How I converted PDF to text in Ubuntu.
Seems to be OCRmyPDF tool suits for me. Lets try $ sudo apt install ocrmypdf
Select languages $ tesseract –list-langs
Install that you need $ sudo apt install tesseract-ocr-spa
$ ocrmypdf -v -l ‘spa’ old.pdf new.pdf //Got errors and no output
I need -f attribute. $ ocrmypdf -v -f -l spa old.pdf new.pdf //Instead SPA use your PDF language
I’ve got PIL.Image.DecompressionBombError: Image size (1115186111 pixels) exceeds limit of 256,000,000 pixels, could be decompression bomb DOS attack.

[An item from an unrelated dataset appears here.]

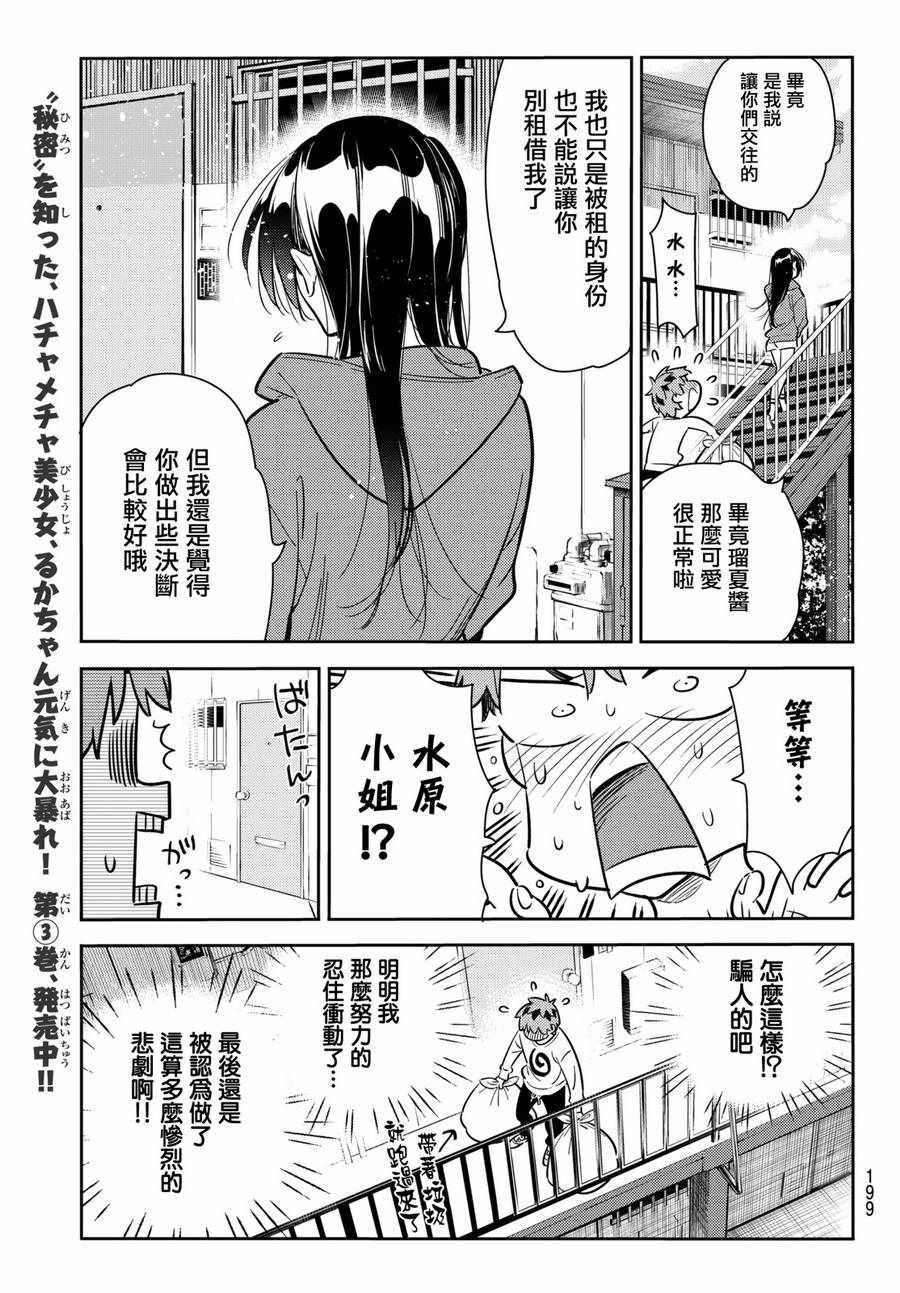 第66话10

Try to set --max-image-mpixels 1300 $ ocrmypdf -v -f -l spa --max-image-mpixels 1300 old.pdf new.pdf
Install LibreOffice draw $ sudo apt install libreoffice-draw //Starts to work after reboot
$ sudo apt install libreoffice-gnome libreoffice -y // For GNOME -y means YES for any prompt
Try to istall scribus $ sudo apt install scribus // I don't have needed dependancy
$ sudo apt install inkscape // Suitable only for editing one page PDF
Try PDF-Shuffler for edit multipage PDF. $ sudo apt install pdfshuffler // It is good idea to use pdfshuffler for cli
1. Install gImageReader it from snap.
2. Got an error No tessaract languages are available for use. Recognition will not work.
2.1. Try $ sudo apt install tesseract-ocr-rus // Helped